Naturally, you also want to eliminate moisture-related problems before the work starts. First try and identify the source of moisture at the job site. So look around and ask: Is there poor exterior drainage? Is there a need for French drains? How about excessive irrigation? A broken pipe? Or maybe it's a high water table and the lack of a vapor retarder? What about a lack of roof gutters or gutters clogged with leaves? The reality is you can't cut corners on a wood install if you are going to avoid moisture damage.

In any event the industry has worked to tackle this tricky problem with a range of products designed to waterproof the slab. This has led to a great deal of experimentation including these methods:

• Sheet Vinyl. An inexpensive piece of sheet vinyl can be installed before the wood goes down, but this is not always successful. The moisture/alkali present could attack the vinyl bonding agent, resulting in a total loss of bond. In addition, some of the vinyl's lost plasticer into the wood flooring adhesive may cause softening of the adhesive and, again, cause a loss of bond. I don't think any warranties are available for this system.

• Silicates-sodium-potassium. Used as a water protection in all types of installs, the down side risk is long term complications as well as applicator problems. For example spreading it too heavily can cause contamination of the surface as silicates fill the pores of the concrete and create a chemical reaction. Also, since it only penetrates slightly, any excess remains on the surface. Use with caution and check the warranties.

• Two-part epoxy. This is another popular method that has some shortcomings. For one, some epoxies are known to "blush"-that is: they leave an oily surface after cure. To ensure the best bond, the contaminant must be wiped off or dis-bonding will result. In addition, the epoxy itself can be dislodged by water pressure. Also epoxies do not warrant any level of protection. Some manufacturers (if not all) allow their product to be used in situations where the moisture vapor transmission is under 8 pounds using the moisture dome test and under 6 pounds using a moisture meter, others claim to protect up to 12 pounds.

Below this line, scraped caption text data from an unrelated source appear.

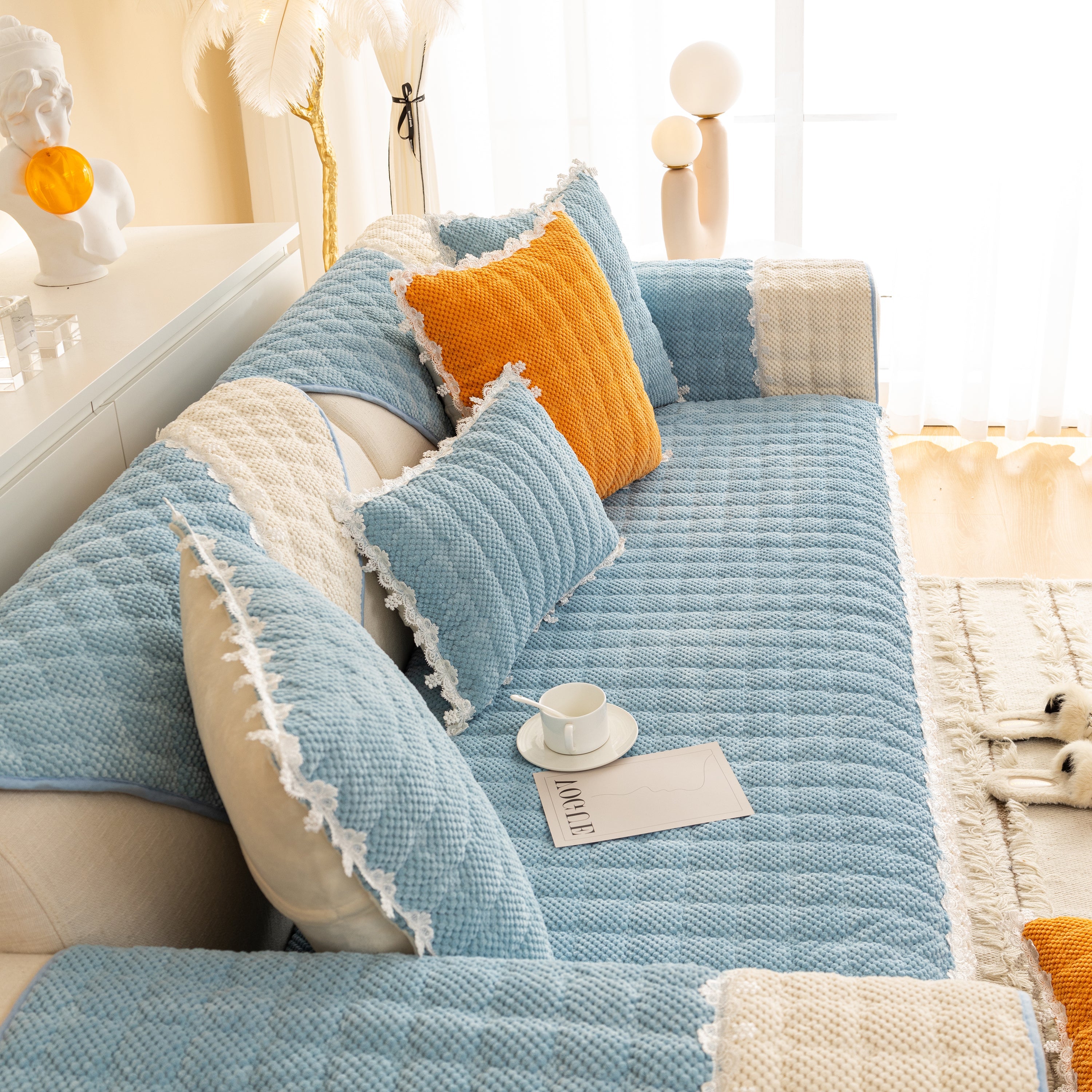 Non-slip Sectional Couch Cover With Lace, Furniture Protector For Dogs, Pets, And Kids Iii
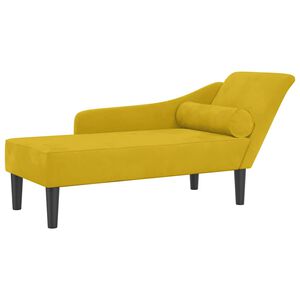 vidaXL Chaise longue avec coussins jaune velours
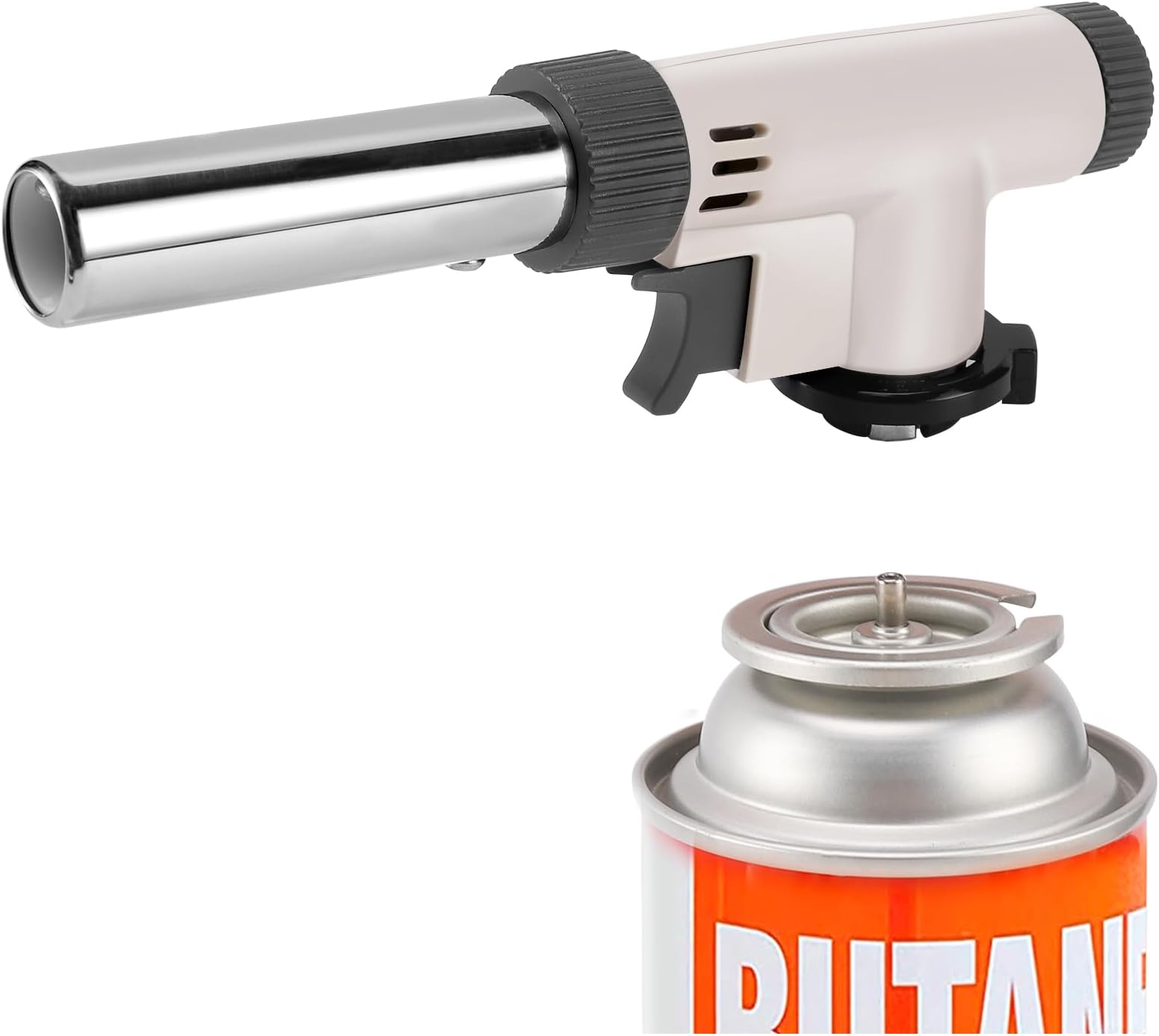 Butane Torch Head, Professional Kitchen Cooking Torch with Adjustable Flame, Culinary & Grilling Blow Torch Lighter for Desserts, Creme Brulee, Soldering, and Baking - White (Fuel Not Included)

Also, epoxies cannot bridge expansion joints and they require mixing for the hardener to work properly. Most important: Remember that epoxies are highly flammable and potentially dangerous to inhale. In addition to proper ventilation, make certain pilot lights and sources of ignition are turned off.

Urethane moisture vapor retarders

This leads us to a new entry in moisture vapor prevention:

Urethane moisture vapor retarders. Urethanes are a single component and do not contain water. Although initially expensive, they provide the highest degree of protection as vapor transmissions in excess of 12 pounds per 1000 square feet is not uncommon. Other liquid moisture barriers set their max at 6 pounds or 12 pounds.

In addition, urethanes serve as crack suppressants restricting future entry of moisture vapor. Urethanes will bridge cracks up to 1/8 -inch and are VOC compliant.

Yes, it is a major undertaking to ensure that a wood floor is protected from moisture. But remember: This is a type of flooring that will last a lifetime and beyond if you install it right the first time.